I want to take a CSV file and split the data out into two other CSV files. While this is not a typical use case for SnapLogic, it does provide examples of how to use several Snaps.

Requirements

Snaps Used

For this scenario, the following Snaps are used:

  • File Reader
  • CSV Parser
  • Filter
  • Router
  • Sort
  • CSV Format
  • File Writer

Other Requirements

  • A sample CSV file loaded into the SnapLogic file system. This example refers to a employee directory file, directory.csv, that contains the following columns: Name, Location, Extension, Email, Title, Department, Dept ID.

Configuration

  1. Upload your CSV file to the SnapLogic file system. See the Files Page topic for more information.

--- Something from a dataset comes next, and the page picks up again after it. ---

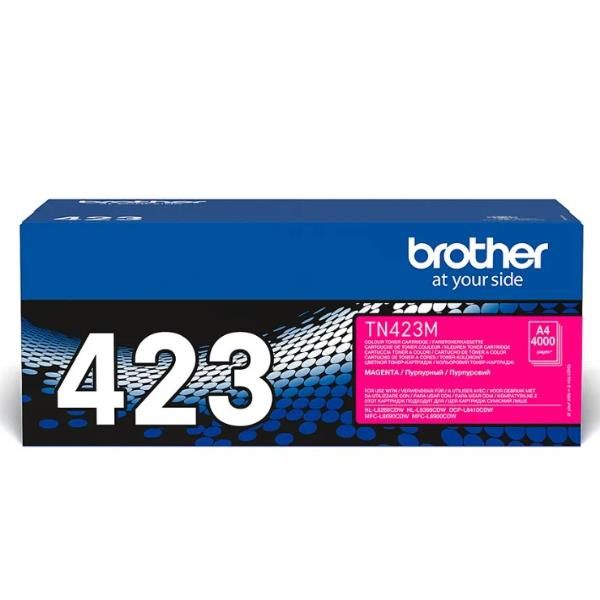 Brother TN-423M cartuccia toner 1 pz Originale Magenta (TN423M HY TONER FOR BC4 - PALLET QTY 144)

  2. Create a new pipeline by clicking the + button on the left palette tab.


  3. Add and configure a File Reader Snap.
    • For the File field, select the file you uploaded in Step 1. Because you are accessing the file system, no authentication information is needed.

  4. Add a CSV Parser Snap. You will use the default configuration.

  5. Add and configure a Filter Snap. If your source file is a company directory and you only want data for the Sales team, you would configure the Filter Snap with an expression to restrict the data to just that, for example:

         $Department == "Sales"

    Be sure to select the expression toggle (=) in front of the field.

  6. Add and configure a Router Snap.
    • Determine which information you want to route to each of the two files you will create. In this example, you will filter by the Location column and move some groups to one file and the rest to the other file.
    • Add a row for each expression you want to process, for example:

      $Location == "Field" to output0
      $Location == "HQ" to output1


      Be sure to select the field expression toggle (=).
      output0 and output1 are the default values for the first two output views. To rename the views, you can edit them on the Views tab.

  7. (Optional) Add and configure two Sort Snaps, one off of each Router output. If you want to sort the data being written to the files, then you would add a Sort Snap.
    • Add a Sort Path and set it to the column you want to sort by. To sort by more than one column, add additional values.
    • Set Sort Order to the correct value.

  8. Add two CSV Format Snaps, one off of each Router output.  You will use the default configuration.

  9. Add and configure two File Writer Snaps, one off of each Router output.
    • For each output, set the File Name, including a path if necessary. See File Writer for information on how to write files to different locations. If written to the SnapLogic database, you can access the files through Manager.
    • Add the appropriate account type for the location where you want to write the files to.